FastFacts
Arizona Daily Wildcat
Friday, January 13, 2006
Things you've always never wanted to know
- The giant squid continues to grow as long as it lives. Some specimens reach a length of 50 feet from the tip of the tentacles to the end of the tail.
- The tallest bird of all time was the moa, a flightless inhabitant of New Zealand that became extinct 400 years ago. It grew to be 11 feet tall. Its drumstick was a yard long.
- To help raise funds for the starving poor of Berlin, Albert Einstein in 1930 sold his autograph for $3 per signature and signed photographs for $5 each.
- To get at every ounce of gold the earth might yield, miners have dug as deep as 2.5 miles.
- During the "blackout" of July 13 to 14, 1977, when electric power to New York failed during the early evening and was not restored until the next afternoon, a record 80 million telephone calls were made.

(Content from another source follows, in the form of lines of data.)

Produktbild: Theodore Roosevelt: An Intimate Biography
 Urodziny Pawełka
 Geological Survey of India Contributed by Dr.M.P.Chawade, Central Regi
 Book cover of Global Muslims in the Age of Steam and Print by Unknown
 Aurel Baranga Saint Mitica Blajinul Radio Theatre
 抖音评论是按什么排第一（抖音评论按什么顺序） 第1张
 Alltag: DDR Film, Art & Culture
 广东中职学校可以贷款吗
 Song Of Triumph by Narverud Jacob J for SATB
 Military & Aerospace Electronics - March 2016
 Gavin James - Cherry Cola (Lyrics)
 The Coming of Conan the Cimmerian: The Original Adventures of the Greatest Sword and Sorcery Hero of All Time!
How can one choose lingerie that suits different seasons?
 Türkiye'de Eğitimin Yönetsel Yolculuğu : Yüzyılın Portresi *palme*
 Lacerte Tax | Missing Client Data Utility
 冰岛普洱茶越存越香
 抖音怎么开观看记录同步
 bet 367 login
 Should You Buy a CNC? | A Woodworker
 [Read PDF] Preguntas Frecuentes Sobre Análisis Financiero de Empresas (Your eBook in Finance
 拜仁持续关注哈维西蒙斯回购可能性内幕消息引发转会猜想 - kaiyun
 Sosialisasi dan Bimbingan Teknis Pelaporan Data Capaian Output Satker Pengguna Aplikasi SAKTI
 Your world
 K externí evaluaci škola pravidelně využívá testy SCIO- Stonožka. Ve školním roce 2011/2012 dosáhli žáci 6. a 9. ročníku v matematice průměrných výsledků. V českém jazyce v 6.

On an average business day, 36 million calls are made in the city.
- A brick wall and a plate-glass window are made from the same principal ingredient: sand.
- The first man ever to set foot on the continent of Antarctica was an American sealer, John Davis. He arrived there on Feb. 7, 1821, but the fact was not known till 1955, when the log of his ship was discovered and studied.
- According to scholars, Shakespeare's last two plays, "Henry VIII" and "Two Noble Kinsmen," were written in collaboration with John Fletcher, another English dramatist of the period.
- The first person on record to denounce slavery as an evil was Euripides. He wrote in his play "Hecuba," "That thing of evil, by its nature evil,/Forcing submission from a man to what/No man should yield to."